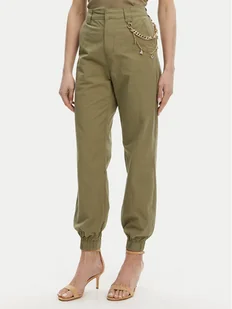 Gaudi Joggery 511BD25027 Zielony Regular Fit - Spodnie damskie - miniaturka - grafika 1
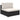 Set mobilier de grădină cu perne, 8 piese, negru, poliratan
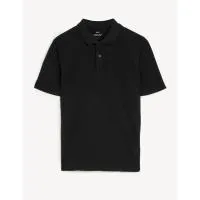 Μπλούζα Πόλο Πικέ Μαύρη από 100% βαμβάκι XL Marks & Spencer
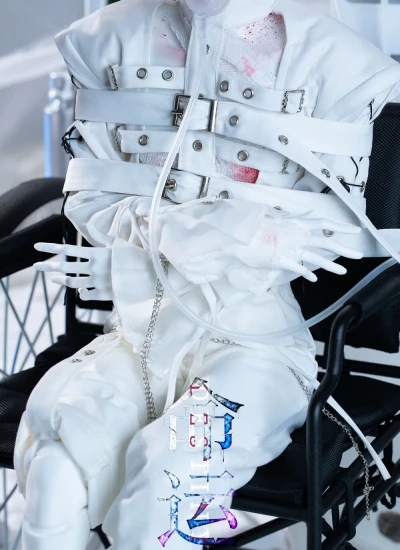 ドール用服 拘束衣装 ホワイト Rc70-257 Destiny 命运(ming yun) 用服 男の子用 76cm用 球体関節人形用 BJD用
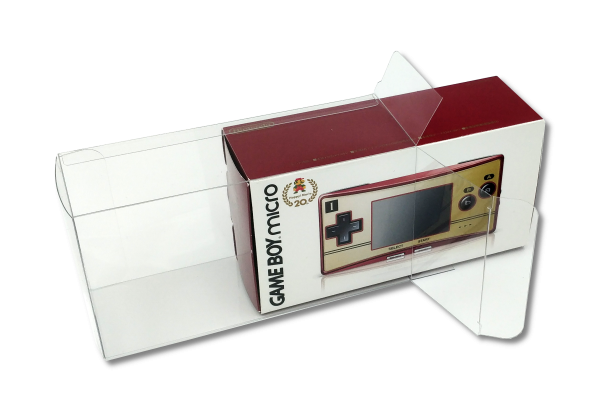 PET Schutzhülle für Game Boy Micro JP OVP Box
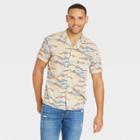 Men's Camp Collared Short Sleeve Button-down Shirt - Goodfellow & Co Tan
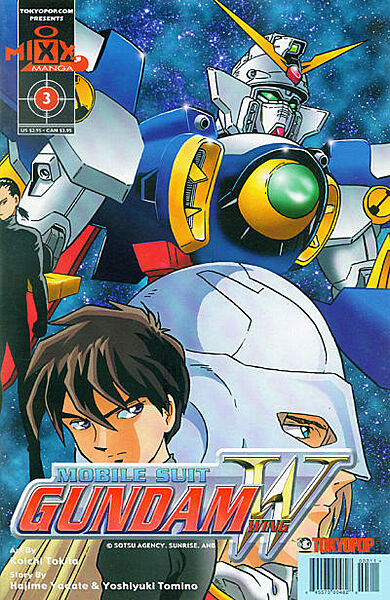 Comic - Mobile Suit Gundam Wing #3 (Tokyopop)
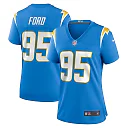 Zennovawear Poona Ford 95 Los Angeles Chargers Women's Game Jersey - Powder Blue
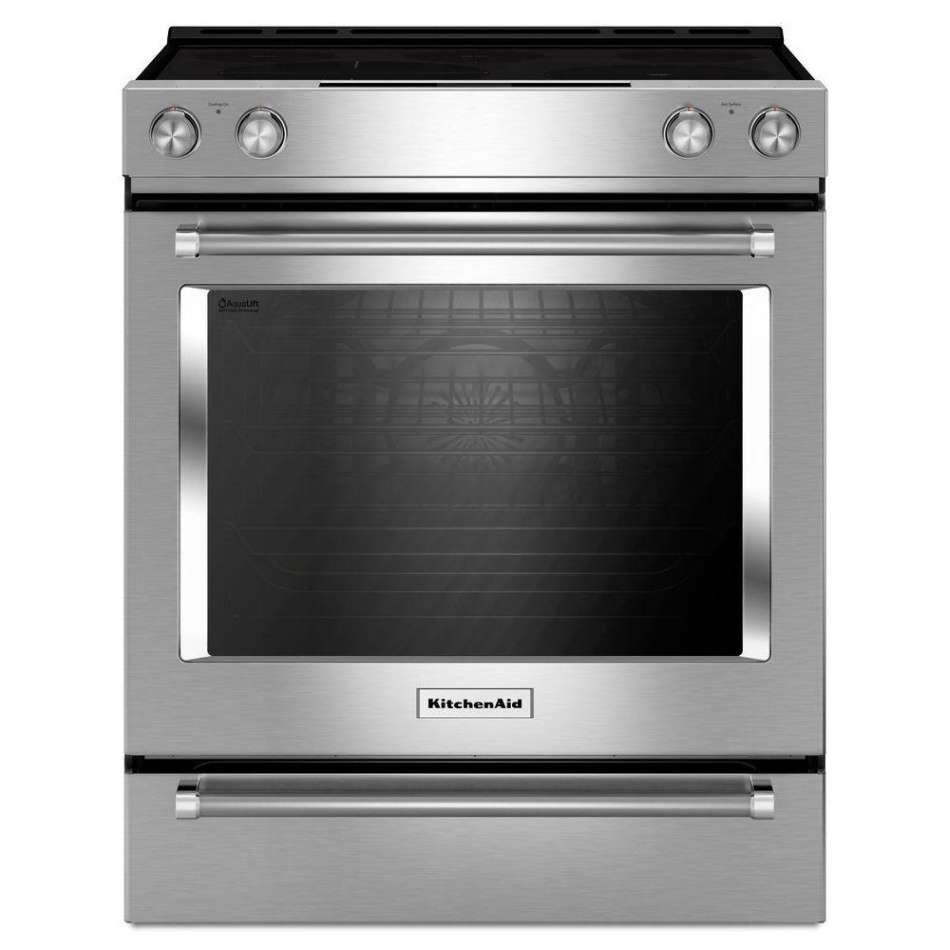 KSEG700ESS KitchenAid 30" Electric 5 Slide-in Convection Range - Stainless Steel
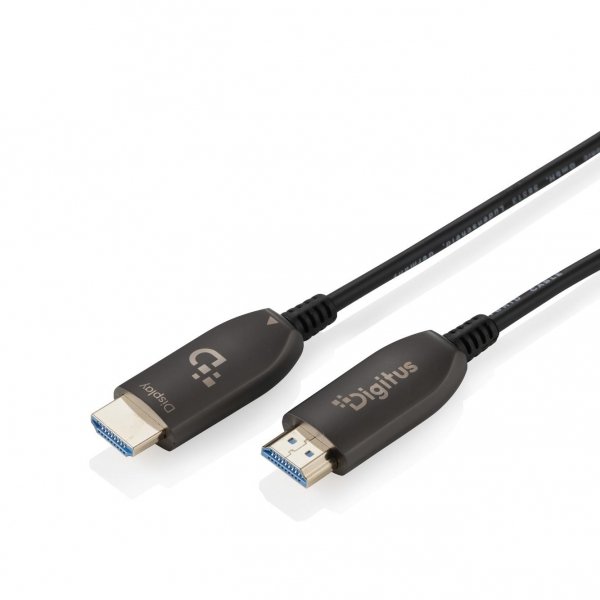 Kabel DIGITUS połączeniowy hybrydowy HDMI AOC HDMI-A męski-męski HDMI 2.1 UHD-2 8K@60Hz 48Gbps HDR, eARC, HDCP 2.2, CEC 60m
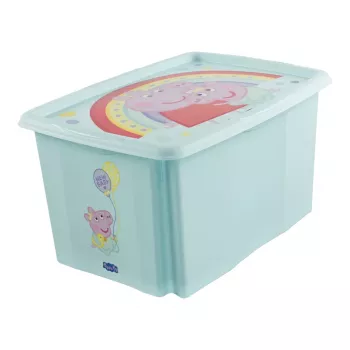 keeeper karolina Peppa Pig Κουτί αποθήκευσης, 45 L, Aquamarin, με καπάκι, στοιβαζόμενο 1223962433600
___
Exercise aim =
All entries above are to be restated exactly, with every image omitted.

Output below =
 Gaudi Joggery 511BD25027 Zielony Regular Fit - Spodnie damskie - miniaturka - grafika 1
 Set mobilier de grădină cu perne, 8 piese, negru, poliratan
 Μπλούζα Πόλο Πικέ Μαύρη από 100% βαμβάκι XL Marks & Spencer
 ドール用服 拘束衣装 ホワイト Rc70-257 Destiny 命运(ming yun) 用服 男の子用 76cm用 球体関節人形用 BJD用
 PET Schutzhülle für Game Boy Micro JP OVP Box
 Men's Camp Collared Short Sleeve Button-down Shirt - Goodfellow & Co Tan
 Comic - Mobile Suit Gundam Wing #3 (Tokyopop)
 Zennovawear Poona Ford 95 Los Angeles Chargers Women's Game Jersey - Powder Blue
 KSEG700ESS KitchenAid 30" Electric 5 Slide-in Convection Range - Stainless Steel
 Kabel DIGITUS połączeniowy hybrydowy HDMI AOC HDMI-A męski-męski HDMI 2.1 UHD-2 8K@60Hz 48Gbps HDR, eARC, HDCP 2.2, CEC 60m
 keeeper karolina Peppa Pig Κουτί αποθήκευσης, 45 L, Aquamarin, με καπάκι, στοιβαζόμενο 1223962433600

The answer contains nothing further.